Some of the more common missteps in planning for the QSBS exclusion include:

  1. Not Knowing About It. Many small business owners either aren’t aware of the exclusion or haven’t carefully thought about what they should be doing to maximize their QSBS opportunity. This can have a significant negative impact when it comes time to prepare for an IPO, negotiate financing, or seek out a buyer for the business. If the QSBS asset requirements can be met and you founded your company as an LLC, you may consider consulting with a tax law attorney to convert from an LLC to a C-Corp. 
  2. Company Redemption Risks. Redemptions of more than 5% of the aggregate value of the company’s stock within a year, and redemptions from a related person to the QSBS holder within a two-year window, can disqualify all of the company’s stock from QSBS eligibility. Unfortunately, this can be a common occurrence in small firms where, early on, one of several early employees decides to leave. Rather than wait to a later date, the other employees will use company assets to buy that individual out—inadvertently disqualifying all the company’s stock.
  3. Unintentionally Selling or Gifting Away QSBS Shares. Gifting qualified stock can be a powerful planning technique, but you don’t want to do it unintentionally. For example, gifting QSBS eligible stock to charity can be a major mistake, since the charity does not receive any additional tax benefit and you give up a major tax benefit without any increase in your charitable deduction.
  4. Not Investing Early Enough. For limited partners and other strategic investors, the timing of when you invest in a venture fund can directly impact whether you participate in earlier QSBS eligible portfolio company investments. As you evaluate the timing of your investments, you should consider the tax benefits that could come with participation in a fund’s QSBS eligible companies. 
  5. Assuming Your Business Does Not Qualify. Eligibility for the QSBS exclusion is not always a clear determination in relation to the nature of a business. For example, while a traditional financial services or healthcare firm would not qualify for the exemption, a FinTech or Biotech start-up very well may. Always consult with a tax expert before assuming your company qualifies or doesn’t.
  6. Delay in Exercising Stock Options. Even if they’re aware of the QSBS exclusion, many start-up employees mistakenly assume the 5-year clock begins when their options vest. As described above, the required holding period doesn’t actually begin until the options are exercised. This can upset your financial plans and increase investment risks with a concentrated stock position.
  7. Missing the Rollover Opportunity if You Do Not Meet the 5 Year Requirement. If you have not met the 5-yr holding period requirement when your stock is sold but you have held it for at least 6 months, you may rollover your gain into stock in another QSBS eligible C-Corp within 60 days to avoid tax on the gain, maintain the QSBS treatment and receive the capital gains exclusion once the full 5-yr holding period has been met.

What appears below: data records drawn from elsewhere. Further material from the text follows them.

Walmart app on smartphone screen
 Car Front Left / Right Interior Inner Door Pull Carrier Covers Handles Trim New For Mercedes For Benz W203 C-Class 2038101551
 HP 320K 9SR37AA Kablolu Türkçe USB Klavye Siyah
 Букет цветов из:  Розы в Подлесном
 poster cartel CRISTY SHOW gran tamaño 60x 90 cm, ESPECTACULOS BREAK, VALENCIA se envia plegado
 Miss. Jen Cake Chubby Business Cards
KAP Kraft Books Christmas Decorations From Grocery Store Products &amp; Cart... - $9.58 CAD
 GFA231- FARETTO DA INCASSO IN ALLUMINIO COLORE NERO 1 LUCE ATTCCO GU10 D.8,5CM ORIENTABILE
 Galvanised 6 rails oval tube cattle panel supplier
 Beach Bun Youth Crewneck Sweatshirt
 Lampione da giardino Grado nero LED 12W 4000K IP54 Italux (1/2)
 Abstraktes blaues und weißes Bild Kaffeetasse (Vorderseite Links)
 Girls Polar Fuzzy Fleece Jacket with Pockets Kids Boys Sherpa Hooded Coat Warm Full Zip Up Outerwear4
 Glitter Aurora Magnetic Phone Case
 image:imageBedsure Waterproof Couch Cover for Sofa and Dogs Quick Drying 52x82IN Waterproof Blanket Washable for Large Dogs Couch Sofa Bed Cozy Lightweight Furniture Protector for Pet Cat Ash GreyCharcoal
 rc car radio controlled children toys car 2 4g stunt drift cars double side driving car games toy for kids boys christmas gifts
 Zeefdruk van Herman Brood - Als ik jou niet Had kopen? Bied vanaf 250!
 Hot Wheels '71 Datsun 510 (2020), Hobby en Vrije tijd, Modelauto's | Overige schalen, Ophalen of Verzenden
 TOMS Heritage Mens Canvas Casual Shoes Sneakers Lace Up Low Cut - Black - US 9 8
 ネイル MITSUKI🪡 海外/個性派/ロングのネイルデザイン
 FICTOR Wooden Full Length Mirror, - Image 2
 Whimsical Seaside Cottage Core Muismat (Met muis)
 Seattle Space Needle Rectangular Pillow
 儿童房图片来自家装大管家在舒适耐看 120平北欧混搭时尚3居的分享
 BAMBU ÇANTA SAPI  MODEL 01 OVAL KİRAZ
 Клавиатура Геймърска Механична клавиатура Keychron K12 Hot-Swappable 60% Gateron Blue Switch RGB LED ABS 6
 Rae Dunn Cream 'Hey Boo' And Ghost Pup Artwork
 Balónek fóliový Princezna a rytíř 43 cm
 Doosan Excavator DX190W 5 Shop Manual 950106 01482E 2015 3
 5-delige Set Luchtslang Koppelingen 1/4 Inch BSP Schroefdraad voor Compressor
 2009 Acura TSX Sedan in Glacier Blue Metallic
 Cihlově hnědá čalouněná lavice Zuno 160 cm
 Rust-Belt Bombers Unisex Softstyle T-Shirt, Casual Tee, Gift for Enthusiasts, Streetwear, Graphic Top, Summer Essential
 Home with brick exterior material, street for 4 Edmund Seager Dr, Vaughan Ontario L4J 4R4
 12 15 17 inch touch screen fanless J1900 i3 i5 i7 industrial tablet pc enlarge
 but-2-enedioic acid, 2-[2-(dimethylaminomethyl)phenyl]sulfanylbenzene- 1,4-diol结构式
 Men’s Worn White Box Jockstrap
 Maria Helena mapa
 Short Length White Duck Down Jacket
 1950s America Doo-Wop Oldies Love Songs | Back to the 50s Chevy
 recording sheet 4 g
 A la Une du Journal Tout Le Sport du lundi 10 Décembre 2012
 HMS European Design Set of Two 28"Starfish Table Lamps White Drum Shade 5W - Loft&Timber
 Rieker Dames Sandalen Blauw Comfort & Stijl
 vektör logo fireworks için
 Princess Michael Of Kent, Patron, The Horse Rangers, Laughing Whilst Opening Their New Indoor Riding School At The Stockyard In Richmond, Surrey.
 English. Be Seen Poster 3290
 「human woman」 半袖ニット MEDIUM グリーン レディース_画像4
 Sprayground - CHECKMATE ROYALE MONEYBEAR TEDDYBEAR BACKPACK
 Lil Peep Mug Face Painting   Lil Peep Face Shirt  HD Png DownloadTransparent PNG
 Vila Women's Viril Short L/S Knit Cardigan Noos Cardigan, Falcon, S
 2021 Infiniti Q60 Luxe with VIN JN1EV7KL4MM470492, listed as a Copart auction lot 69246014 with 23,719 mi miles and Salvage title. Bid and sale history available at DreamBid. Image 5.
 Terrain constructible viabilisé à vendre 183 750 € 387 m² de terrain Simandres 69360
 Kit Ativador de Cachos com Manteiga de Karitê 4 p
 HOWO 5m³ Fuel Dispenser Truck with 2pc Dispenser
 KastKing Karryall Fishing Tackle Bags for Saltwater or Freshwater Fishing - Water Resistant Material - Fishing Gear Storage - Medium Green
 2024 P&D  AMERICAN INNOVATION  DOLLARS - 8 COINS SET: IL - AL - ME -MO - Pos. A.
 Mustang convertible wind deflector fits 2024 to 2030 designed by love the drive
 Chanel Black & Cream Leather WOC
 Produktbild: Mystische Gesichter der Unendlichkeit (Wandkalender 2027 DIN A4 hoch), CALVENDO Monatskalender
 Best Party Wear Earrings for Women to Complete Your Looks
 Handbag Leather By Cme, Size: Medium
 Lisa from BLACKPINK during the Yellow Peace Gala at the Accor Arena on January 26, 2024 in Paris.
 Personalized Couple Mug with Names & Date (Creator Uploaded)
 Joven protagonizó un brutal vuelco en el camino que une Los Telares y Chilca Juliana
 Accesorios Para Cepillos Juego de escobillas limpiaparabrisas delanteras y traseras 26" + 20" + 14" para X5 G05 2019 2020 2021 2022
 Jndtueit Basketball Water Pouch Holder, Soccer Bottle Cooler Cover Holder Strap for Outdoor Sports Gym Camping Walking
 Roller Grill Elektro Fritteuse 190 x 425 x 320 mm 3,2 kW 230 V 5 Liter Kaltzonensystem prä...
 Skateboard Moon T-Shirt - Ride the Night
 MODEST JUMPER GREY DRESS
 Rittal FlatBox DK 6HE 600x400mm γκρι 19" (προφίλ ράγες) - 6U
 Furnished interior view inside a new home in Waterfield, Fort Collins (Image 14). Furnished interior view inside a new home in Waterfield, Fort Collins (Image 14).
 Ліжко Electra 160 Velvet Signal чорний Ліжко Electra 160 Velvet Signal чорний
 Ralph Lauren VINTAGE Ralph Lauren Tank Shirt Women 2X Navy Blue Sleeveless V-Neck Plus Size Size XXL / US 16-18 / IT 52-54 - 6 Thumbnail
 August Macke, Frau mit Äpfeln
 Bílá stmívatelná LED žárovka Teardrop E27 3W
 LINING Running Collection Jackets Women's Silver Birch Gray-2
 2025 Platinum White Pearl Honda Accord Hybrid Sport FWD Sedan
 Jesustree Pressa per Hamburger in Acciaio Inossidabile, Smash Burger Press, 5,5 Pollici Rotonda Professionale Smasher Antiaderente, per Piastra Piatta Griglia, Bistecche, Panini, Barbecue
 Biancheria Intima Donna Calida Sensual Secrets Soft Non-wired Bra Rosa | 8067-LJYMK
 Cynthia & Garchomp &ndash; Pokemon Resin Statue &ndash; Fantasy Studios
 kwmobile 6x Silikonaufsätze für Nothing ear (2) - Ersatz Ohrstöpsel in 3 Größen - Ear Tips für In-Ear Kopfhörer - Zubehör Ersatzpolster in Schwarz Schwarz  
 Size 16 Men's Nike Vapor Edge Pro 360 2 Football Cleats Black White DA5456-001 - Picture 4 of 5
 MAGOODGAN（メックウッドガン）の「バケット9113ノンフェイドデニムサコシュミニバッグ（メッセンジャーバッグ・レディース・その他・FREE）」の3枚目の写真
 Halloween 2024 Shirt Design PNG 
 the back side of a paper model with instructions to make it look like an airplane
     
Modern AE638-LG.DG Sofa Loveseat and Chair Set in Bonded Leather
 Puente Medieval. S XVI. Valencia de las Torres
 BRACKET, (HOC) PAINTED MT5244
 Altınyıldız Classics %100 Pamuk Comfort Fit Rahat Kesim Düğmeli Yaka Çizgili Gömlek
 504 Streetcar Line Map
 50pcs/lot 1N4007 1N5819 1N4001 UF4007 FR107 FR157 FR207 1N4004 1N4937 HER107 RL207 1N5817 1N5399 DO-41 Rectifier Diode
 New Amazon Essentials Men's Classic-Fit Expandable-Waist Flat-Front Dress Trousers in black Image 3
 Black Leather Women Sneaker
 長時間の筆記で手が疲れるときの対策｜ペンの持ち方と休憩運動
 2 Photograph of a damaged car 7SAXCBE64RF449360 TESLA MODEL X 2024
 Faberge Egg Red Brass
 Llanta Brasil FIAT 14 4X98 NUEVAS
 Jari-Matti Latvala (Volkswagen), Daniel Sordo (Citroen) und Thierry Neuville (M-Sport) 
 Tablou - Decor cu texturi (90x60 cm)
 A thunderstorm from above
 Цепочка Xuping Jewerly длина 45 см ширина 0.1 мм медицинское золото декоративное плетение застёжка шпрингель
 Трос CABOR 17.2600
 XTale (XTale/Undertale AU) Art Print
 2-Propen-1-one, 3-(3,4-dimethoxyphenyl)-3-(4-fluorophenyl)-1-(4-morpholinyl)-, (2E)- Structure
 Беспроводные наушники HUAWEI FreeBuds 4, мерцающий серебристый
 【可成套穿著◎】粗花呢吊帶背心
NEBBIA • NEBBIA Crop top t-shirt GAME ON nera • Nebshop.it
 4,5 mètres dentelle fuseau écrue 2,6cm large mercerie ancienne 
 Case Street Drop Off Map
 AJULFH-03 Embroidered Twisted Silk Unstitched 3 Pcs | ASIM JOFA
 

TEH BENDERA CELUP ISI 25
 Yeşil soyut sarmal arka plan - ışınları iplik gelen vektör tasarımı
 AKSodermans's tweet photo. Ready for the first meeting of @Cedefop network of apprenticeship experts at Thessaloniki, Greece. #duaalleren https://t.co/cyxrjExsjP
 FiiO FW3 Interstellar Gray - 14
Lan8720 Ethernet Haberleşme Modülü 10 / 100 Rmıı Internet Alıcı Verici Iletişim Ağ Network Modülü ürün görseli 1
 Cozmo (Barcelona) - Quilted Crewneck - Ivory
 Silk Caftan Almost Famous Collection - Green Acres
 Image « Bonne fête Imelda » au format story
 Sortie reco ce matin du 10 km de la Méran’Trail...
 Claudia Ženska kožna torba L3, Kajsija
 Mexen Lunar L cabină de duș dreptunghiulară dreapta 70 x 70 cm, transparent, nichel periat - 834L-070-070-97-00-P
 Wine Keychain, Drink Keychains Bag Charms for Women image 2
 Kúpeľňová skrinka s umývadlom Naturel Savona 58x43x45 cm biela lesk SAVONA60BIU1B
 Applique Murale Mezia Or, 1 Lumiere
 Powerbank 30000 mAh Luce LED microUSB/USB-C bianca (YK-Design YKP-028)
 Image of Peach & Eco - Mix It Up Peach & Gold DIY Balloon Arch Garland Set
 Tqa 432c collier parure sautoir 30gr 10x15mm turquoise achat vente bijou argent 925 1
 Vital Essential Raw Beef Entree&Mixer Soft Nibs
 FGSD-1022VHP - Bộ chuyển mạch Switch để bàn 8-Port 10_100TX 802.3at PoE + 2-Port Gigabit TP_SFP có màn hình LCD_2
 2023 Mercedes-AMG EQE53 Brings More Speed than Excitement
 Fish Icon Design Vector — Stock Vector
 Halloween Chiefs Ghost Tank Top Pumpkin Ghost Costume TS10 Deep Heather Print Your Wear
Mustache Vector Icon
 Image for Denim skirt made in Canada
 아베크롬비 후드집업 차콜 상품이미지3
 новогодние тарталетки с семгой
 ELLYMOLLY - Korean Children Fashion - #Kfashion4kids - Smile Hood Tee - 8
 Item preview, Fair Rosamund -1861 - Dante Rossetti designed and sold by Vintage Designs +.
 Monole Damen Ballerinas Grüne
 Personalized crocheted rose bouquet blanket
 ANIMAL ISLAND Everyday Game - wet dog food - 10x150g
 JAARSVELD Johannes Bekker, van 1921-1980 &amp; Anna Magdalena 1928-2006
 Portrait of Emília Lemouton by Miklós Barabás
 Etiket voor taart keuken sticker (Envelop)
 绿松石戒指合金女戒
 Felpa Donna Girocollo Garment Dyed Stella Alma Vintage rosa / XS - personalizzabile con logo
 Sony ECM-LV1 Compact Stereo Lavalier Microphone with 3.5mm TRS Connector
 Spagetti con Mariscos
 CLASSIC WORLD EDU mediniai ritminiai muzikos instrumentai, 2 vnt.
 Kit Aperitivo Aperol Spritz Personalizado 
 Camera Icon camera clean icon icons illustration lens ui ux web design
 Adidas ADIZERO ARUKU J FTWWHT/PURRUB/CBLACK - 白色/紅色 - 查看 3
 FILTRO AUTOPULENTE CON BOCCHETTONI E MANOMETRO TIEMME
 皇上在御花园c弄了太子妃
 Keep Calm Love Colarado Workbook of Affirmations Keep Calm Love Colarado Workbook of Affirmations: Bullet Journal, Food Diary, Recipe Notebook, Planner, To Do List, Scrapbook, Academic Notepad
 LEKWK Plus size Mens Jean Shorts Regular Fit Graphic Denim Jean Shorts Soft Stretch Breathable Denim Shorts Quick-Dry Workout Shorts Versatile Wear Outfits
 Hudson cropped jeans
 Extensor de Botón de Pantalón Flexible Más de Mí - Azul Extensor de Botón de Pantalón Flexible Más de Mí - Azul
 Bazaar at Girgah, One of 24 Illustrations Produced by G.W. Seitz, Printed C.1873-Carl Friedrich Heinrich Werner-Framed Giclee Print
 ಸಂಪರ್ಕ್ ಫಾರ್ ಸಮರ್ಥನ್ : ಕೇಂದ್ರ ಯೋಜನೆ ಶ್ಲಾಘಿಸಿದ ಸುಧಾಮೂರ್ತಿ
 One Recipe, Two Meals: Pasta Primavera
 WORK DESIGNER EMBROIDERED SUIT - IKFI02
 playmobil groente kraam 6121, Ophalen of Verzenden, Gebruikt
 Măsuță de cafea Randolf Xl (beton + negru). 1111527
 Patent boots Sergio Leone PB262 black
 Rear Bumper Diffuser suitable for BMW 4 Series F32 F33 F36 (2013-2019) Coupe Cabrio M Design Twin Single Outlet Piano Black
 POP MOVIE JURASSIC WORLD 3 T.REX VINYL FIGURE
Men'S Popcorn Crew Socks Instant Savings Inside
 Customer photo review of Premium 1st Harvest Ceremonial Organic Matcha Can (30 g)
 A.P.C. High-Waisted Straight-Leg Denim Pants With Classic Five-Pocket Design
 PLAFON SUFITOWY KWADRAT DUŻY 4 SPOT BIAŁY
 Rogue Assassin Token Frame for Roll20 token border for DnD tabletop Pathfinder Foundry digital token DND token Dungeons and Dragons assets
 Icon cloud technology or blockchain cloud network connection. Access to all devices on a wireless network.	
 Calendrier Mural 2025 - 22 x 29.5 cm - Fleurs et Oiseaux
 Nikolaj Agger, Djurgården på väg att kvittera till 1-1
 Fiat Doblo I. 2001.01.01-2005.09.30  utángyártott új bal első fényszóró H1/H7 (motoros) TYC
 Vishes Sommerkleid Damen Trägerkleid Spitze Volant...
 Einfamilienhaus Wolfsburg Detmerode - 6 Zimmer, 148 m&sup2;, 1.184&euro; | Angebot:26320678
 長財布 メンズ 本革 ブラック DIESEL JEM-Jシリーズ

As mentioned at the beginning, the rules for QSBS may be subject to change but the exclusion looks to remain. With proper planning, the exclusion can still save you several million dollars in taxes even under the current proposals. 

At Fiduciary Trust International, we can guide you through your options to maximize the benefits of the QSBS exclusion and connect you with the experts you will need on your team to ensure the best result for you.  

1 Currently, the exclusion applies up to the greater of $10 million or 10 times your aggregate adjusted income tax basis of the qualified stock sold in the year. Shares acquired prior to February 17, 2009 are eligible for a maximum 50% exemption; shares acquired between February 17,2009 and September 27, 2010 qualify for a 75% exemption.